I leave on a quilt retreat in two days! I'm so excited! This will be the 12th year of my doing this quilt retreat. This year the retreat is in Spokane at my sister's home. There is a quilt show going on in Spokane this weekend so we will be enjoying that too. Retreats are such a great time to get marathon quilting done. We sew all day, stay up late, get up early and hopefully accomplish a lot. Some years I've put together a couple quilts. I always have hopes of doing a lot and bring way more than is feasible to get done in a few days. But one never knows when one project will get boring and there will be a need to start something new. Isn't that why we end up with dozens of unfinished projects?

When I went looking for projects to do on this retreat last week, I came across a couple projects that I had totally forgotten about. They are projects that are almost complete. Both involved massive amounts of handwork and that part is done. They just need sashing and borders added. I'm very excited to finish these, so that will be my first items on the agenda. Then if there is still time I will start a new jelly roll quilt. I will take along hand work too. We always plan movie time where we sit and do handwork. I have a table runner that needs a binding handstitched down and I have my brown and tan quilt that still has lots of leaves to applique on the border. Hopefully I can post pictures on the laptop while I'm on the retreat.

Saturday, October 10, 2009

Recent Customer Quilts

I usually do 1 - 3 quilts a week, depending on the size and time involved. When I first began my business (almost 10 years ago) I took pictures of every quilt. Then as the pictures started to pile up, I only took pictures of those quilts that were unique in some way. This last year I've started taking pictures again of almost all quilting done for customers.
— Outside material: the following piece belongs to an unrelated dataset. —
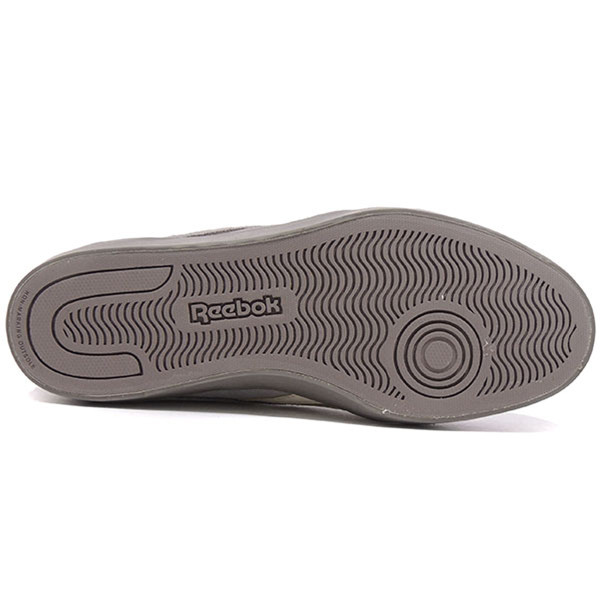 Reebok Patike Royal Aspire 2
It's easy when it's all digital now and they can be downloaded and sorted online. So here's a few photos of recent quilts.
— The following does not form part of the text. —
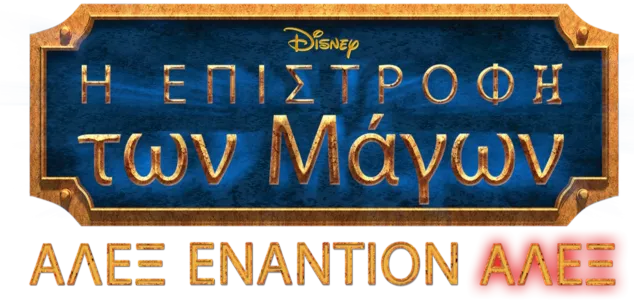 Η Επιστροφή των Μάγων: Άλεξ Εναντίον Άλεξ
Wednesday, October 7, 2009

Update on the Tomato Experiment

It's now been over a week since I started the tomato experiment. There are about 40 ripe tomatoes sitting on my counter or window ledge. I have had to throw about 5 or 6 away that were too rotten to use. So what's been the best way to get them ripe? By a wide margin it's the paper bags with two apples in each. The bin with no apples and just left open is where most of the rotten tomatoes have come from. The box with the tomatoes individually wrapped in newspaper still have not produced a red tomato. I have no idea why a paper bag with an apple or two in it is working. If anyone knows, please leave a comment. I'm just happy to get ripe tomatoes. Tomorrow I will make spaghetti sauce and can it.

Thursday, October 1, 2009

Science Experiment

I have about 100 green tomatoes that I got out of my garden a couple days ago. It's turning much colder here and I didn't want them to rot or split from the rain. So I went out and picked them all. Then I went online to figure out how to best ripen them. Unfortunately I should have read before I picked them, since I found out that one of the best ways to get vine ripe tomatoes after the season turns cool, it to pull up the whole plant, roots and all and hang it upside down in your garage. The tomatoes will ripen right on the plants. For me, though, that may have caused a bit of a problem since I was collecting tomatoes from 8 plants and my husband may not have been too appreciative about the jungle that would have created in the garage!

Two other methods could be tried. Wrapping the tomatoes individually in newspaper and then placing them in a box (only two layers deep) with an apple placed with them. The other is to place the tomaotes in a paper bag with an apple and then fold down the bag and let them ripen. So my scientific mind (and that's a joke) wanted to see what the better method would be. I've placed tomatoes in a bag and in boxes, both wrapped and unwrapped with apples. I have one bag of tomatoes without the apple. Some are just on the window ledge and another dozen or so are in a bin with no apple and not covered. I'll check them every day and see the results. So stay posted!